Syria, Idleb (c) OCHA

 

Opening the event, EU Ambassador Carl Hallergard, Deputy Head of the EU Delegation to the UN in Geneva, paid tribute to the millions of Syrians who, for the past 9 years, have endured enormous suffering as victims of systematic human rights violations. Over 10 million people had to flee their homes, more than 500,000 people have died, the number of enforced disappeared nears 80,000 according to some conservative figures. "Syrians deserve peace - and accountability is key to achieving peace in Syria," underlined Ambassador Hallergard. Joined by the German Ambassador Hans-Peter Jugel, Italian Ambassador Marie Sol Fulci, and Ambassador and Special Envoy for Syria Emiel de Bont from the Ministry of Foreign Affairs of the Netherlands, all stressed the EU's and European Member States' unwavering commitment to fighting impunity for human rights violations. Over 130 participants connected to the webinar to echo their support that accountability is a shared goal for the international community and for Syrians.

 

"We cannot build peace in Syria without accountability."

Giving a voice to civil society, three former detainees and human rights activists told their personal stories of having been held in detention in Syria. Noura Jizawi, survivor of detention and founder of Start Point, Mazen Darwish, a prominent Syrian lawyer imprisoned in Syria 2012-2015 and founder of the Syrian Center for Media and Freedom of Expression, and Anwar Al Bunni, Syrian human rights lawyer, former political prisoner and founder of the Syrian Human Rights Association - as survivors, they stressed the need for the international community to continue their efforts to push for accountability as the right way to ensure long lasting peace.

 

"This is probably the most extensively documented war in the history of humankind."

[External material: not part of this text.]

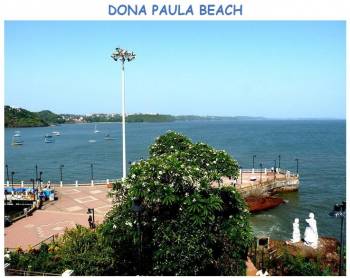 Goa Package - North Goa 4* Hotel - Deluxe Room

Thanks to the evidence collected by independent entities, justice systems in some European States have  evoked  universal  jurisdiction and taken steps to prosecute suspects of international crimes. The EU has been actively supporting various mechanisms of accountability and evidence collection, including the UN Commission of Inquiry on Syria (CoI), the International Impartial and Independent Mechanism on Syria (IIIM), and Syrian NGOs.  Hanny Megally from the CoI shared how the Commission has documented violations and abuses for almost 9 years in pursuit of accountability. Likewise, Catherine Marchi-Uhel, the first Head of the IIIM on Syria, and Ambassador Edmond Mulet, Head of the Independent Panel to the Organisation for the Prohibition of Chemical Weapons (OPCW) - United Nations Joint Investigative Mechanism (JIM), recalled the bodies' work to independently collect evidence of war crimes,  focusing particularly on accountability for the use of chemical weapons. The bodies have pioneered the collection and documentation of human rights violations, which has led to prosecution in a number of cases in European countries. All experts called for stronger support by the international community to collect and preserve evidence.

"To be detained in Syria is to be missing."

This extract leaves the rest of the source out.